Caminar hoy por la Plaza Primero de Mayo, en el barrio de Balvanera, no da ninguna pista de lo que esconde bajo su suelo. Árboles, senderos y monumentos conviven con una historia poco conocida y profundamente ligada a la Buenos Aires del siglo XIX: durante décadas, ese espacio funcionó como un cementerio para quienes no profesaban la religión católica. Y hoy en día, miles de cuerpos siguen debajo de esas tierras.
En aquella época, morir siendo “disidente”, nombre que se les daba a los protestantes, judíos y otros no católicos, implicaba no tener derecho a sepultura en los cementerios consagrados. La ciudad, todavía marcada por una fuerte impronta religiosa, no ofrecía alternativas formales para esos entierros. Muchos cuerpos eran enterrados de manera clandestina en las barrancas del Río de la Plata, a la altura de Retiro, o accedían a excepciones solo si contaban con vínculos influyentes.
La situación comenzó a cambiar a partir de 1821, cuando la comunidad protestante solicitó al gobernador Martín Rodríguez un espacio propio. Ese mismo año, el gobierno provincial autorizó a la llamada Corporación del Cementerio Inglés a adquirir un terreno lindero a la Iglesia del Socorro, en la zona de Juncal y Suipacha.
Así nació el primer Cementerio de Disidentes, conocido como “Del Socorro”, con una capacidad limitada y apenas 178 sepulturas. Allí fueron enterradas figuras históricas como Elisa Brown, hija del almirante Guillermo Brown, y su esposa Elizabeth Chitty. Sin embargo, el crecimiento de la población y la oposición de los vecinos hicieron que el lugar quedara rápidamente colapsado.
El cementerio que terminó siendo plaza
En 1833, con Juan Manuel de Rosas en el poder, se autorizó la compra de un nuevo predio más alejado del centro, delimitado por las actuales calles Hipólito Yrigoyen, Alsina, Pasco y Pichincha.

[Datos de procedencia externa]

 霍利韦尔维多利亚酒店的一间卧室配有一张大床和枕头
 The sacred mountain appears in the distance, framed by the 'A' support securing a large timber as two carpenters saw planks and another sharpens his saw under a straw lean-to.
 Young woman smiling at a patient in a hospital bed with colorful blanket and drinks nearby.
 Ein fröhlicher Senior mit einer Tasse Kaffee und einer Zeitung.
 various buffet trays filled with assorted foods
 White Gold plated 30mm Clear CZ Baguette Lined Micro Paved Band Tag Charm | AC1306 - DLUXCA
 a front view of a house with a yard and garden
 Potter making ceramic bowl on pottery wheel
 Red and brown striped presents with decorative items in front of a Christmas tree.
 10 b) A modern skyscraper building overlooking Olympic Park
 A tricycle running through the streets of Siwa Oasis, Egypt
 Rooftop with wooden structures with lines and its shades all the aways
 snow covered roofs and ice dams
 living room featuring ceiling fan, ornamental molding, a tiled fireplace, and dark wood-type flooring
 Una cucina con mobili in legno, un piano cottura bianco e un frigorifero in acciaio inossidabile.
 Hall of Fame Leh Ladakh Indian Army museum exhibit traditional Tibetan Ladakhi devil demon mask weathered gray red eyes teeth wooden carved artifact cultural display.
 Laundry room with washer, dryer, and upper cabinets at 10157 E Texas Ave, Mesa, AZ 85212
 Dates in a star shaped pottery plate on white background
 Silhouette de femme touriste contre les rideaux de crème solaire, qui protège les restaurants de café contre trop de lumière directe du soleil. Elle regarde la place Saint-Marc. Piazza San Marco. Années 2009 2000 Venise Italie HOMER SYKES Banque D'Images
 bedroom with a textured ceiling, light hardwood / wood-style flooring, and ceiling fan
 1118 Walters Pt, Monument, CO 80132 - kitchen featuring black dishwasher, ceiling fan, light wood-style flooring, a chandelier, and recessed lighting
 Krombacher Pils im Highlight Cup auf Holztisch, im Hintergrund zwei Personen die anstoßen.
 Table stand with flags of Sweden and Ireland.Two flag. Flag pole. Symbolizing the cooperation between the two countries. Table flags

Allí se inauguró el segundo Cementerio de Disidentes, conocido como “Victoria”.
El espacio fue compartido por distintas comunidades: la inglesa ocupó más de la mitad del terreno, mientras que los alemanes y los norteamericanos se repartieron sectores específicos. Con el paso del tiempo, el cementerio volvió a quedar chico y, hacia fines del siglo XIX, se decidió su cierre definitivo. La última sepultura se realizó en 1892, antes de que los entierros fueran trasladados al Cementerio de la Chacarita.
No todos los cuerpos fueron removidos. Muchas familias no pudieron afrontar los costos del traslado o no dieron su autorización. Como consecuencia, miles de restos humanos quedaron bajo tierra.
En 1925, una ordenanza municipal transformó oficialmente el antiguo cementerio en plaza pública. Tres años más tarde, el espacio fue inaugurado con su nombre actual y con la presencia de autoridades nacionales. En ese acto se presentó el imponente Monumento al Trabajo, una obra que simboliza el esfuerzo obrero y que se convirtió en el emblema del lugar.
Décadas después, en 1951, se sumó el Mástil Monumento a la Patria, donado por la comunidad israelita como homenaje a la Nación. La plaza terminó así de consolidarse como espacio cívico, aunque su pasado funerario nunca desapareció del todo.
Restos bajo tierra que siguen contando historia
En 2006, durante trabajos realizados en el subsuelo, se identificaron numerosos restos fúnebres que confirmaron lo que la historia ya sugería: gran parte del antiguo cementerio nunca fue exhumado por completo. La plaza, entonces, no solo es un espacio verde, sino también un sitio cargado de memoria.